__ENTRIES PROVIDED__:
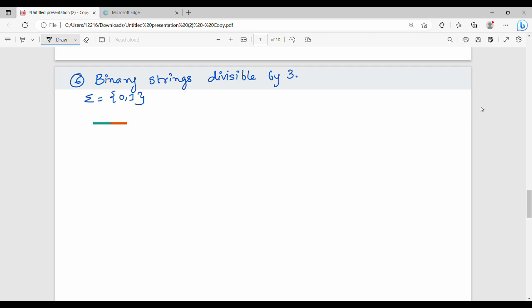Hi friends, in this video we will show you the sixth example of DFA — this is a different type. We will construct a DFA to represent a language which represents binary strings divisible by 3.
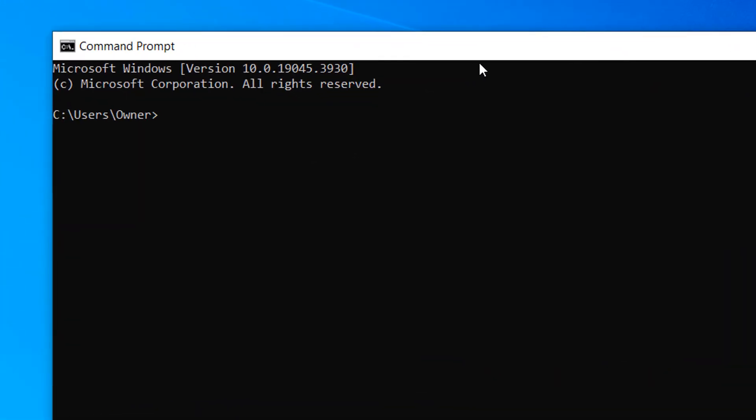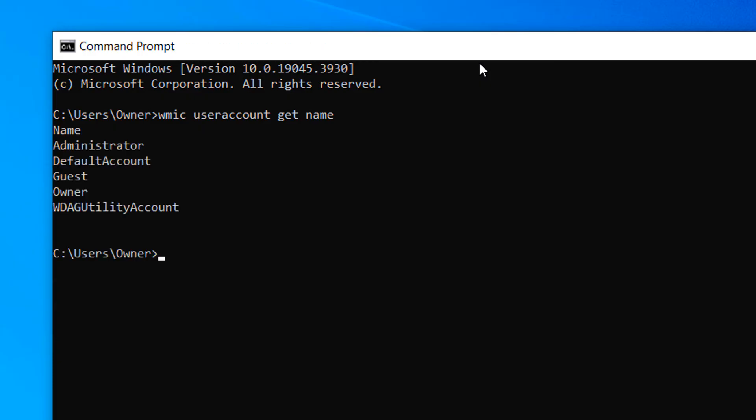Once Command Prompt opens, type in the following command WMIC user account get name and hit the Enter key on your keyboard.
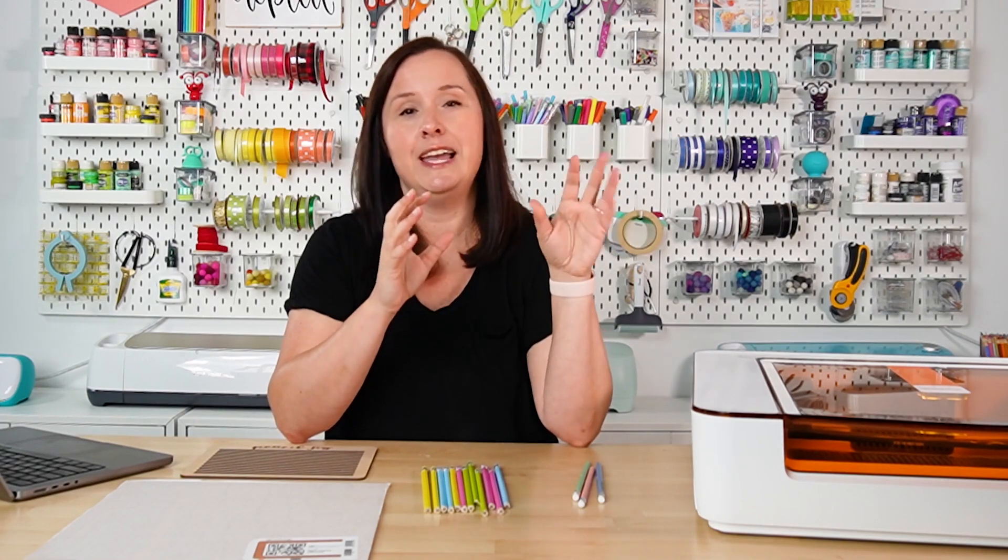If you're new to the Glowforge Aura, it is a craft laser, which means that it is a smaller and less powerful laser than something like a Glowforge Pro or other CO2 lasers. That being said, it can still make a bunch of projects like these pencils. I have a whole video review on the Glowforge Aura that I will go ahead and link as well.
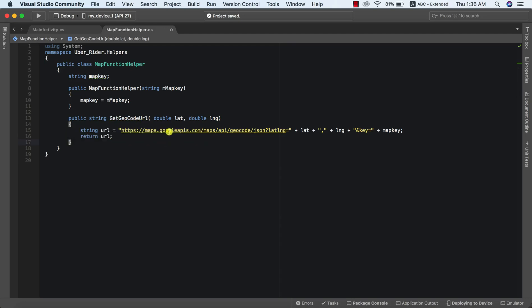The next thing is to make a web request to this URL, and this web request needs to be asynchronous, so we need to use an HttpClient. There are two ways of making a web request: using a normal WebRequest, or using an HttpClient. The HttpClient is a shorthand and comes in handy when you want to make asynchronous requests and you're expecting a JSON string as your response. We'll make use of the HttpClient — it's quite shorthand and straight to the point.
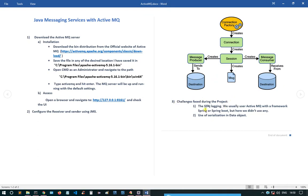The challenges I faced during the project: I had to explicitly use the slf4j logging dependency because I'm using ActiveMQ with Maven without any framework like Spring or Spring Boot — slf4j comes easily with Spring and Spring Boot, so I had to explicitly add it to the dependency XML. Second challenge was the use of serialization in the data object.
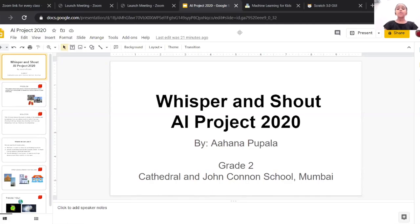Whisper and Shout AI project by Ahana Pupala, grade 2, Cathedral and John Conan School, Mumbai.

* * *

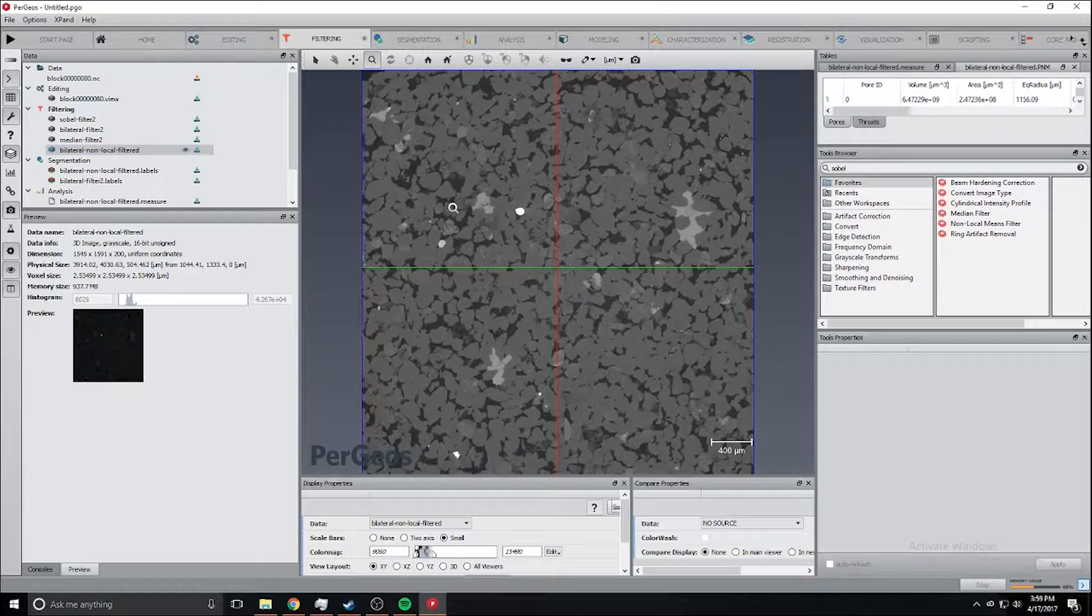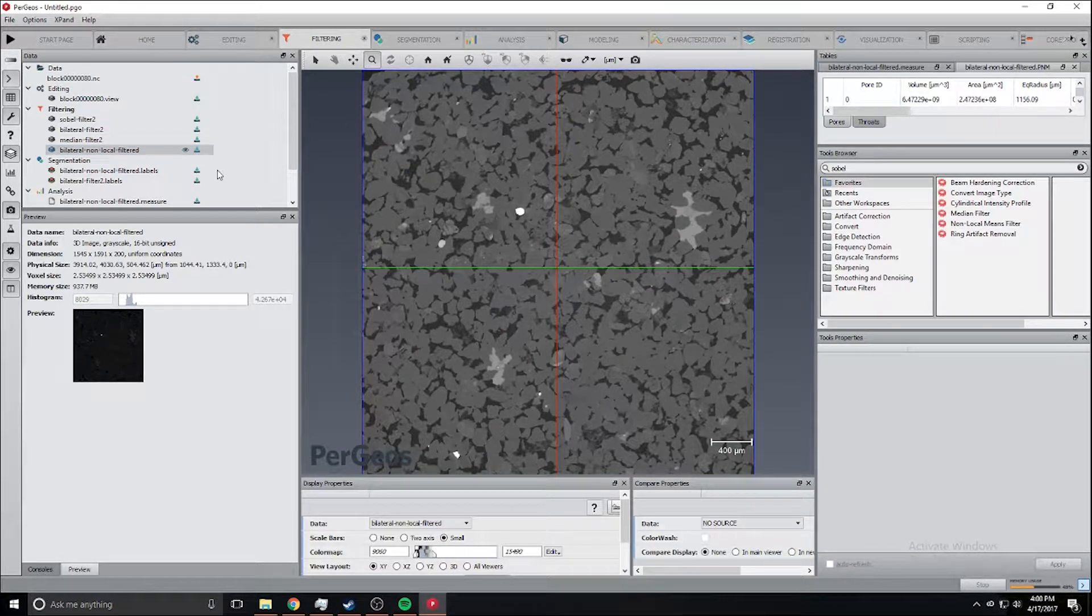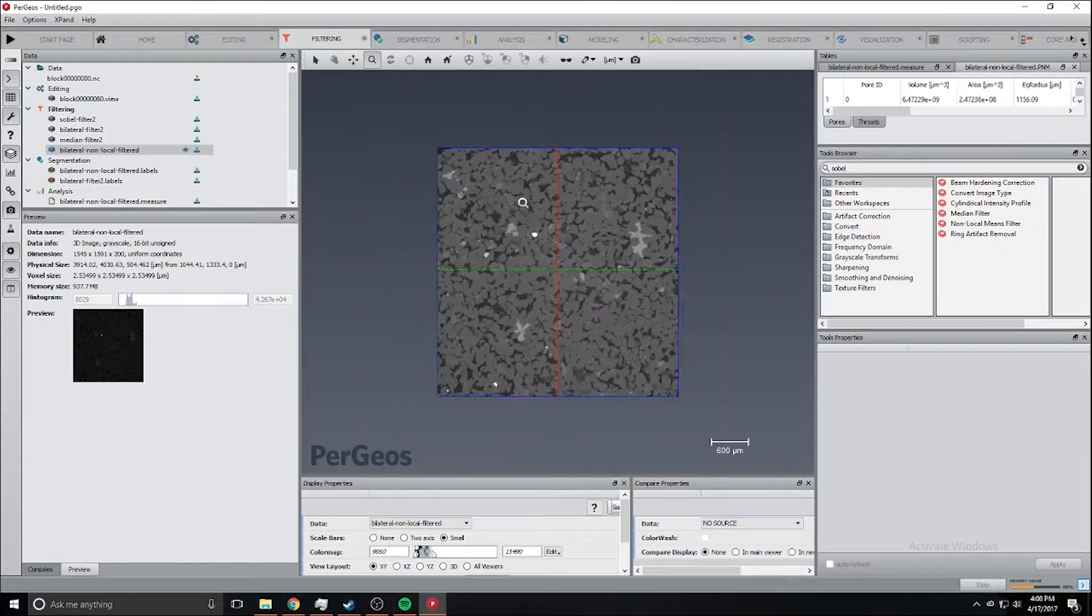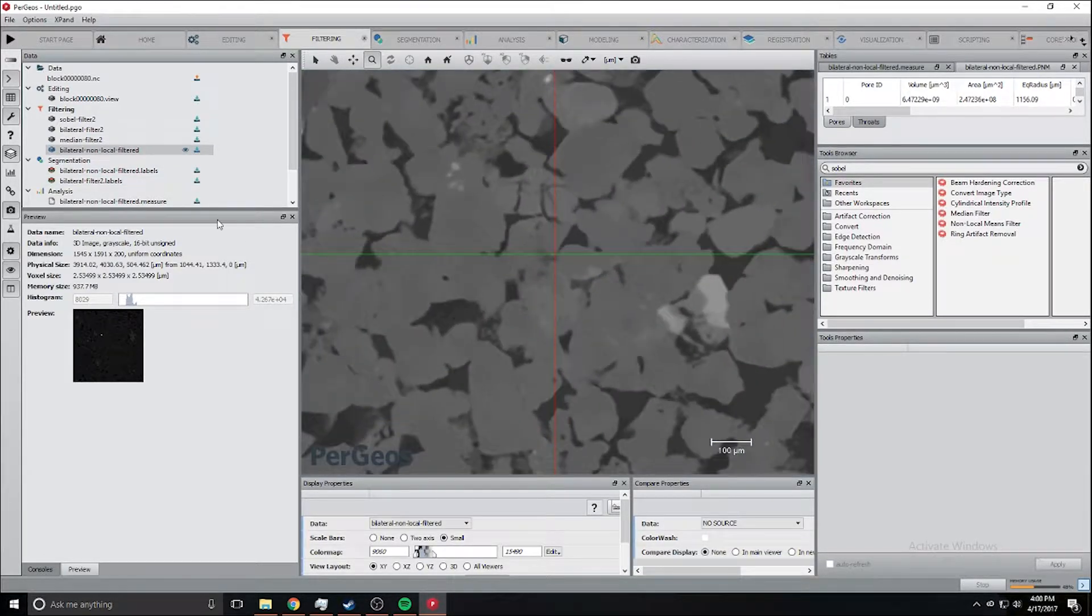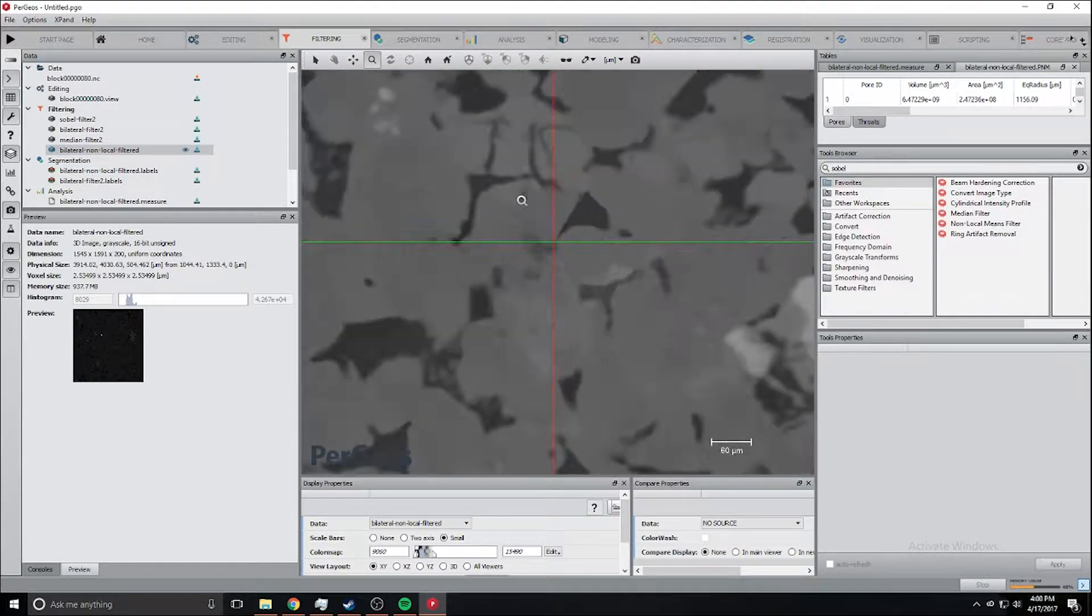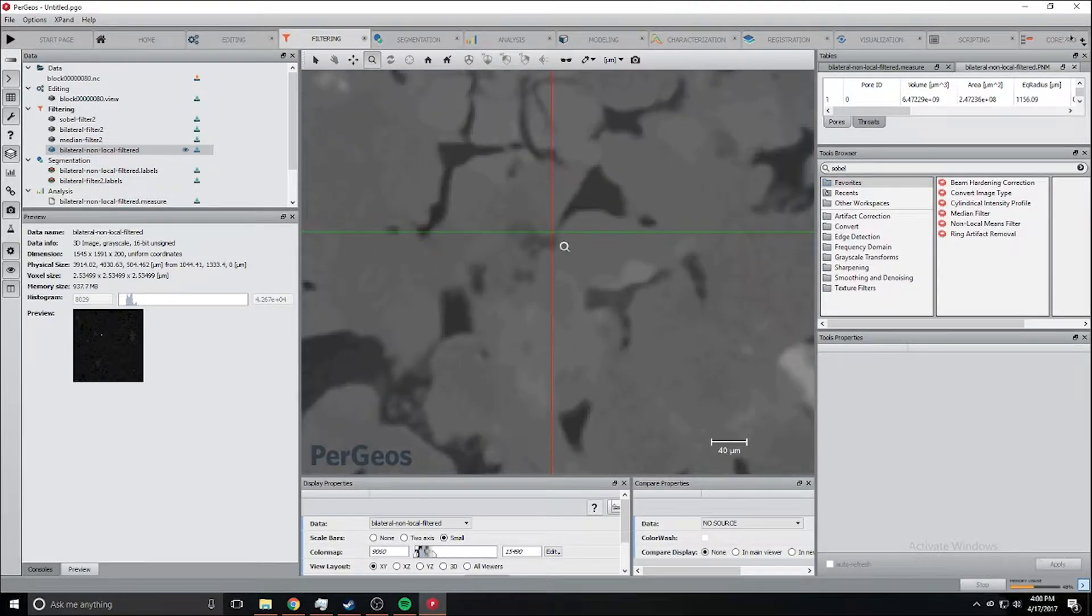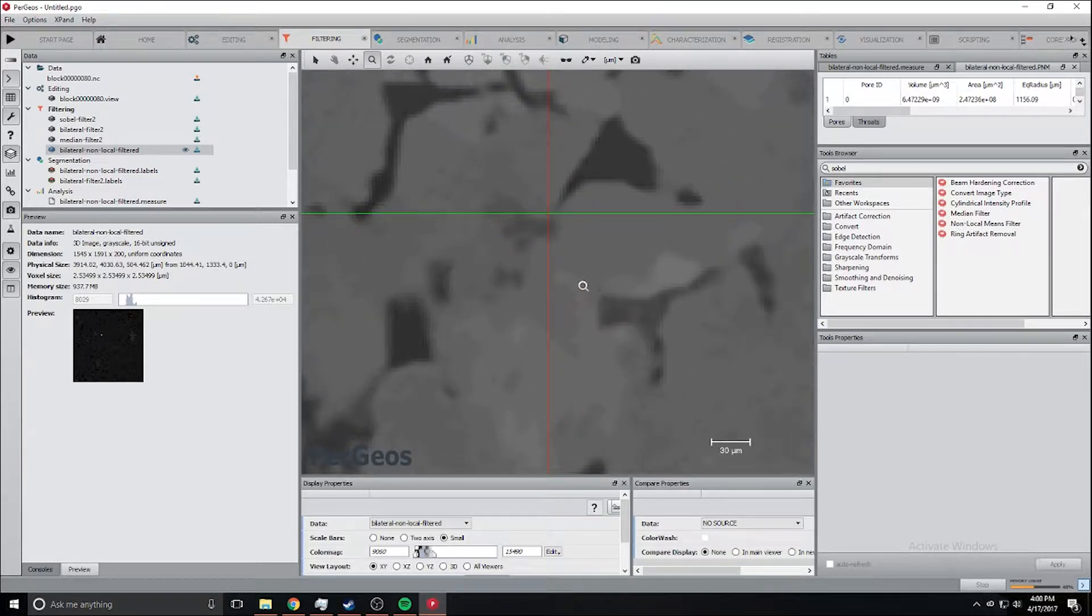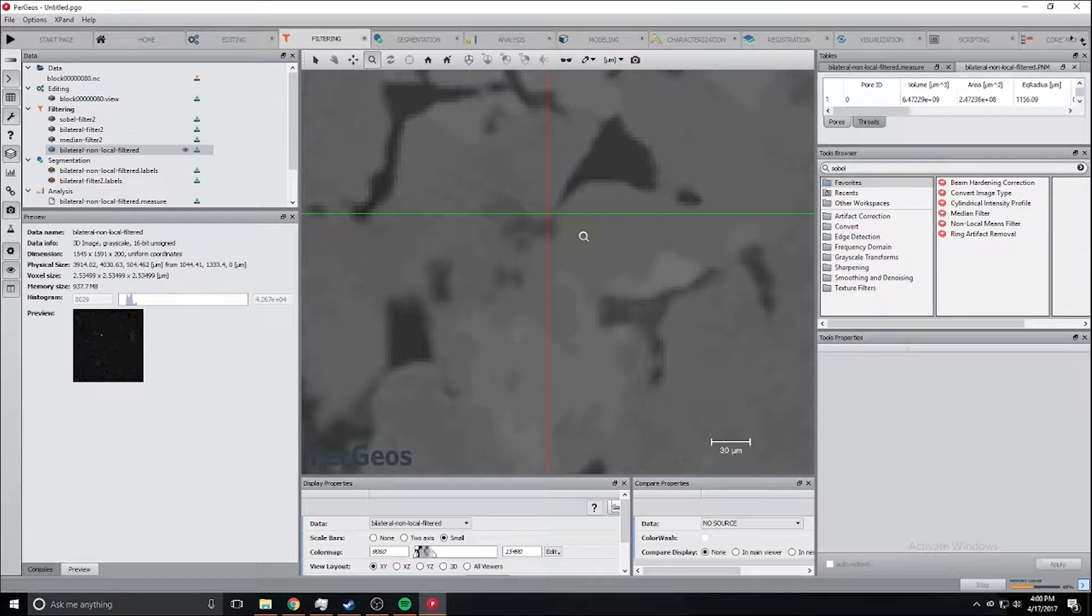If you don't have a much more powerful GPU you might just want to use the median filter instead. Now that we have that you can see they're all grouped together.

--

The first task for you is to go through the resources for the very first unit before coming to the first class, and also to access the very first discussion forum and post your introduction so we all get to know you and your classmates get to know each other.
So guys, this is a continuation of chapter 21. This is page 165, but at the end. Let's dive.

__EXERCISE__: Although the records hold pictures, the copy must not; give again exactly the lines from the one with "Once Command Prompt" through the one with "If you're new".

__RESULT OF THIS EXERCISE__:
Once Command Prompt opens, type in the following command WMIC user account get name and hit the Enter key on your keyboard.
If you're new to the Glowforge Aura, it is a craft laser, which means that it is a smaller and less powerful laser than something like a Glowforge Pro or other CO2 lasers. That being said, it can still make a bunch of projects like these pencils. I have a whole video review on the Glowforge Aura that I will go ahead and link as well.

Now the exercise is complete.